III. Criminal Rrepression of violations

  1. (Para. 34) What do you think of the claim that “conflict-related violence happens everywhere”? Is all sexual violence that occurs during an armed conflict a violation of IHL? Why is it important to be clear regarding acts that are linked to the armed conflict and those that are not so linked?
  2.  
    1. Does IHL impose an obligation on States to investigate allegations of rape and other forms of sexual violence committed in international armed conflicts? In non-international armed conflicts? (GC I, Art. 49; GC II, Art. 50; GC III, Art. 129; GC IV, Art. 146; P I, Art 85; CIHL, Rules 93 and 158)
    2. Under IHL, what are the requirements for an inquiry into an alleged rape? Must the victim be involved? Must the result be made public? (GC I-IV, Common Art. 1; P II, Art. 6; GC I, Art. 49; GC II, Art 50; GC III, Art. 129; GC IV, Art. 146; P I, Art. 85; CIHL, Rule 158)
    3. Do you think that the obligation to investigate also binds armed groups?
  3. (Paras 15 and 23) Does IHRL impose an obligation on States to prevent and repress rape and other forms of sexual violence? To investigate allegations of rape and other forms of sexual violence? If yes, do you think that the obligations imposed on States under IHL and IHRL are different? If different, which regime is more protective?
  4. (Para. 15) Is it realistic to expect States to regulate the behavior of armed non-State actors, and if they fail in doing so, to hold the State internationally responsible for failing to  “exercise due diligence to prevent, investigate, punish and ensure redress for the acts of private individuals or entities that impair the rights enshrined in the Convention”?
  5. (Paras 23, 37 and 50)
    1. Can sexual violence constitute a means of warfare? A method of warfare? What would be the advantages and disadvantages of referring to it as a means of warfare rather than a systematic violation of IHL and a war crime?
    2. What rules of IHL would be violated by the employment of a policy to deliberately transmit HIV through rape? Who would be criminally responsible for the violation(s) of that/those rule(s)?
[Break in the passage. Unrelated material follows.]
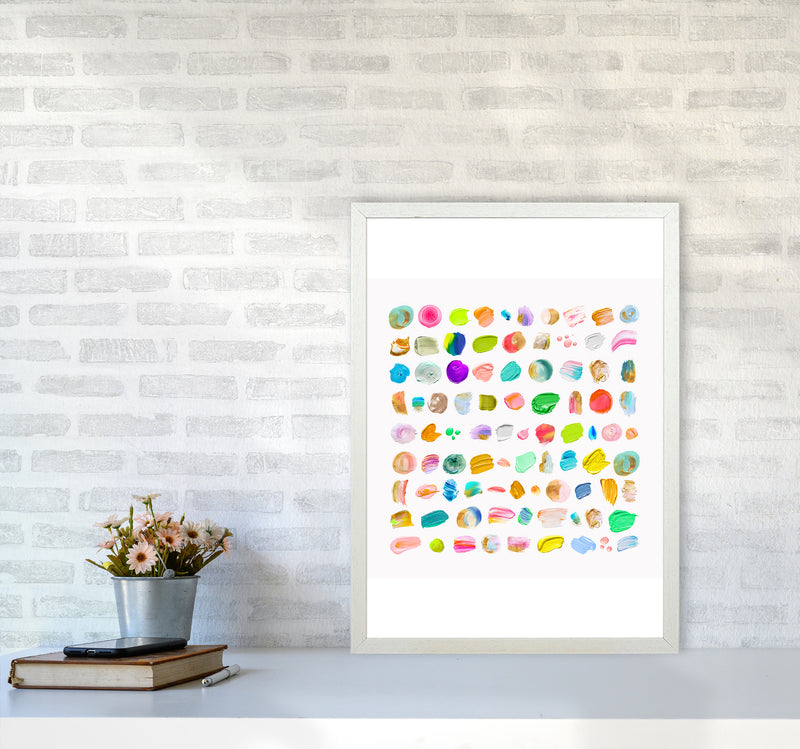 Painting Paradise Abstract Art Print by Seven Trees Design A2 Oak Frame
Are other forms of sexual violence war crimes? (GC I, Art. 50; GC II, Art. 51; GC III, Art. 130; GC IV, Art. 147; P I, Art. 85; ICC Statute, Art. 8(2)(b)(xxii) and (e)(vi); CIHL, Rule 156)
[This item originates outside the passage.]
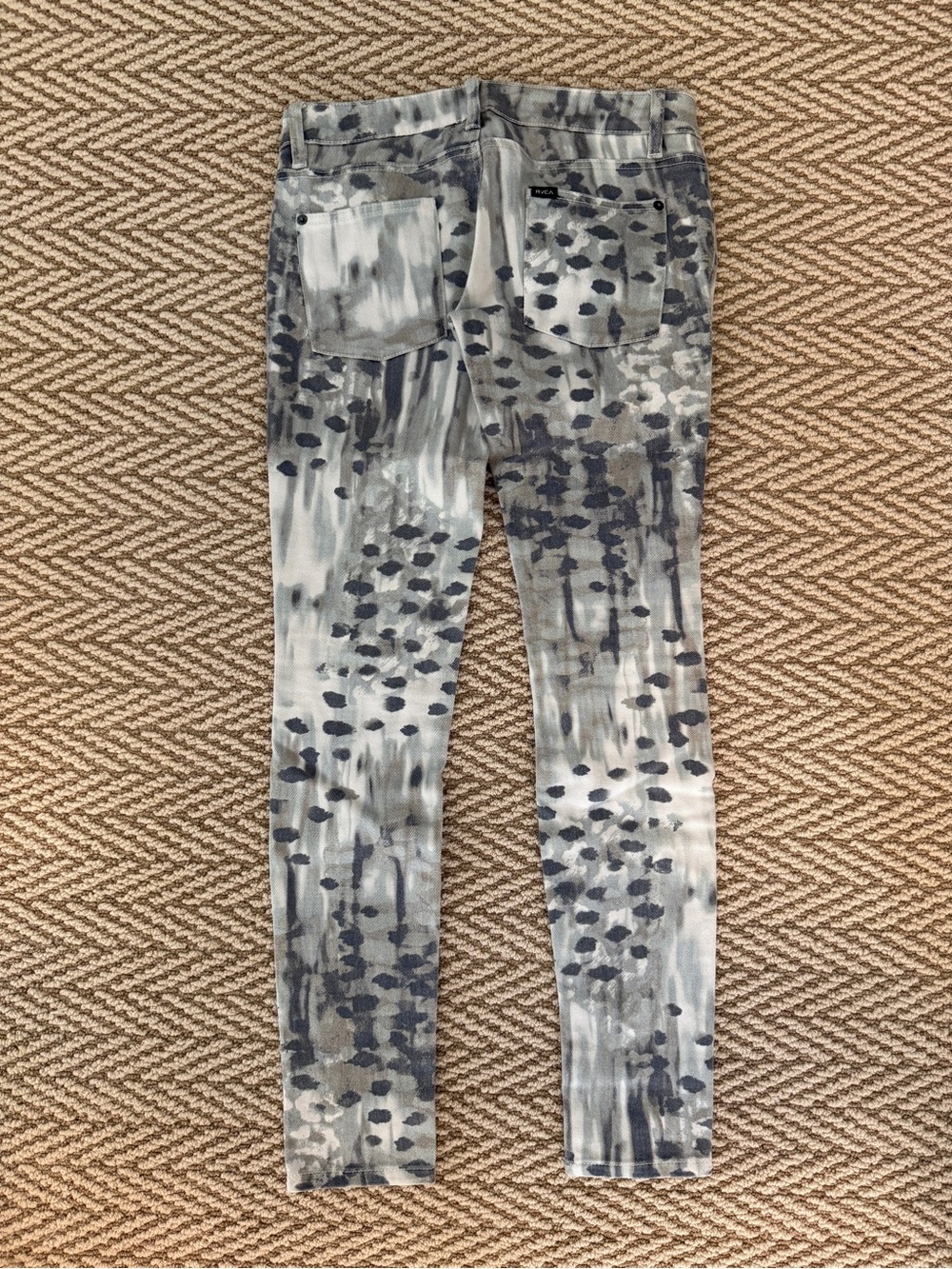 RVCA Grey & Black Abstract Print Skinny Jeans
  6. (Paras 9 and 13-14) If a member of an international peacekeeping force committed rape, to what state/international entity would the violation be attributable? Assuming the peacekeeping force were UN-mandated and run, would IHL apply to UN forces per se? Provide arguments for and against the proposition that IHL would apply to the act, and the individual(s) involved.
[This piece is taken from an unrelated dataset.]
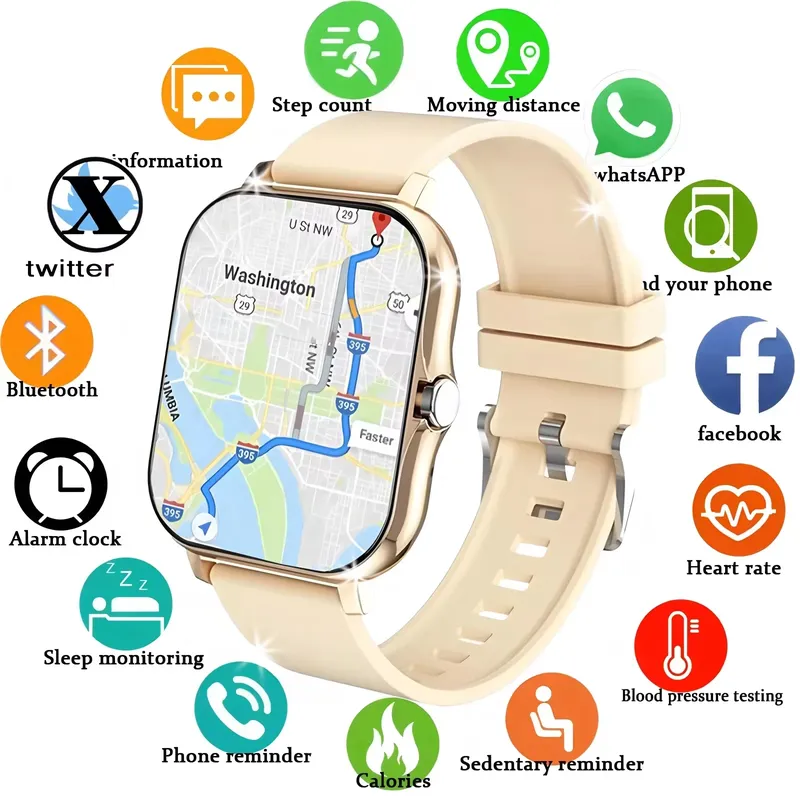 LAXASFIT 2026 Neue Modische Smartwatch 1,85-Zoll HD-Bildschirm Bluetooth-Anruffunktion Smartwatch für Männer und Frauen Urlaubsgeschenk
  7. (Para. 16)  Do you agree with the following statement by the Committee: “[U]nder certain cirucumstances, in particular where an armed group with an identifiable political structure exercises significant control over territory and population, non-State actors are obliged to respect international human rights […]” Is it a settled matter whether or not armed groups have obligations under international human rights law? What are arguments for and against the Committee’s view?
  8. (Para. 15) Is the obligation to “exercise due diligence to prevent, investigate, punish and ensure redress for the acts of private individuals or entities that impair the rights enshrined in the Convention” when dealing with an armed conflict an obligation of IHL or IHRL? Of both?